**WORK TO COMPLETE**
Both the line below containing "2017 Honda Accord EX-L V6" and the line containing "Wallcraft 1080 32", along with every line between them, should be repeated exactly; no other line belongs in the answer.

**ENTRIES SHOWN**
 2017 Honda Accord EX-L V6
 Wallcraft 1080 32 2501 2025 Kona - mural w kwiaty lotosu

...

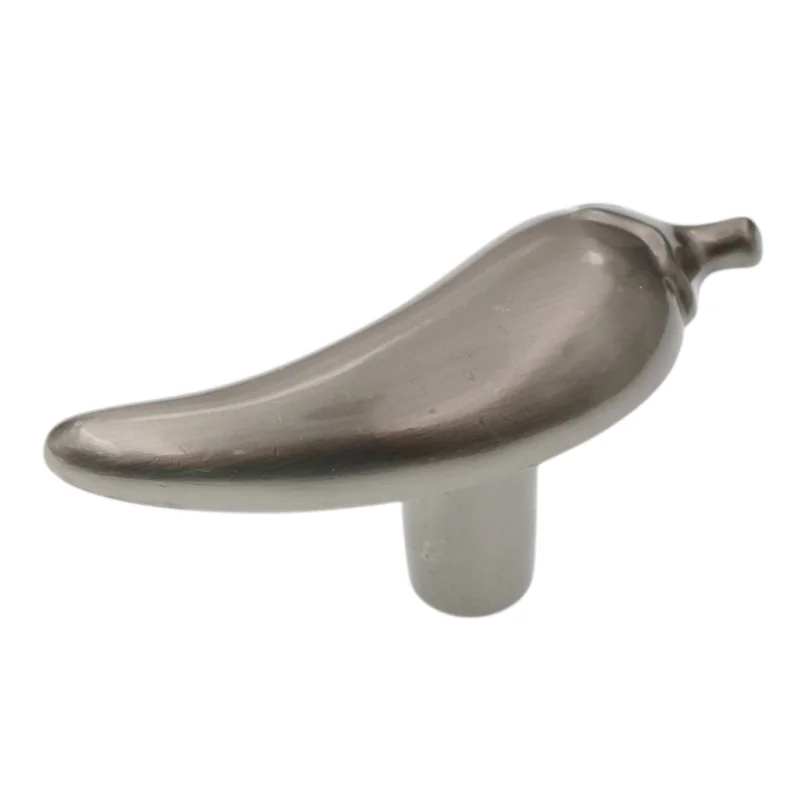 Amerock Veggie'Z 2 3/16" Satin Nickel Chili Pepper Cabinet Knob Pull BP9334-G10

**FINAL ANSWER**
 2017 Honda Accord EX-L V6
 Wallcraft 1080 32 2501 2025 Kona - mural w kwiaty lotosu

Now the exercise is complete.